__EXERCISE__. What you write should be the line containing "BYD Dolphin 60.48kWh" followed by every line after it to the end of the listing, exactly as given, and nothing more.

__INPUT DATA__.
•••

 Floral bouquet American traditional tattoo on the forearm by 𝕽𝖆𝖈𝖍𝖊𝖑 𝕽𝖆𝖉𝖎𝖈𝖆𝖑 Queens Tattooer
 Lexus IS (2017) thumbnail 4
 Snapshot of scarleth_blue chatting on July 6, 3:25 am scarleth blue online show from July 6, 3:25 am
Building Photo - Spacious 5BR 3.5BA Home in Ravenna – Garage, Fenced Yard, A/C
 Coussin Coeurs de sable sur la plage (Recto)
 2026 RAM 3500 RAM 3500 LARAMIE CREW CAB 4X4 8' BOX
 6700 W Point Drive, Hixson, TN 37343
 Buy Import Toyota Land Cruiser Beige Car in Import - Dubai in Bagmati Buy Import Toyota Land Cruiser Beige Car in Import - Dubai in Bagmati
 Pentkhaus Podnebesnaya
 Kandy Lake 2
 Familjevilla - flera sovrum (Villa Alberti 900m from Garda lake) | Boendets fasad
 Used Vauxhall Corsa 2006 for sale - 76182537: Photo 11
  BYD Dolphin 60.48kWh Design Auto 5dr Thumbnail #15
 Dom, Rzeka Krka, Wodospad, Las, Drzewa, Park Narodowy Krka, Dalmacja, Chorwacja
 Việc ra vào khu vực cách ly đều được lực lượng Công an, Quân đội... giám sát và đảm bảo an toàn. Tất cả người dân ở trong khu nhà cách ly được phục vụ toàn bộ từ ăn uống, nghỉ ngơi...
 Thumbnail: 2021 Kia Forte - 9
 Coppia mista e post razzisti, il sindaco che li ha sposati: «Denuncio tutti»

•••

__EXERCISE ANSWER__.
  BYD Dolphin 60.48kWh Design Auto 5dr Thumbnail #15
 Dom, Rzeka Krka, Wodospad, Las, Drzewa, Park Narodowy Krka, Dalmacja, Chorwacja
 Việc ra vào khu vực cách ly đều được lực lượng Công an, Quân đội... giám sát và đảm bảo an toàn. Tất cả người dân ở trong khu nhà cách ly được phục vụ toàn bộ từ ăn uống, nghỉ ngơi...
 Thumbnail: 2021 Kia Forte - 9
 Coppia mista e post razzisti, il sindaco che li ha sposati: «Denuncio tutti»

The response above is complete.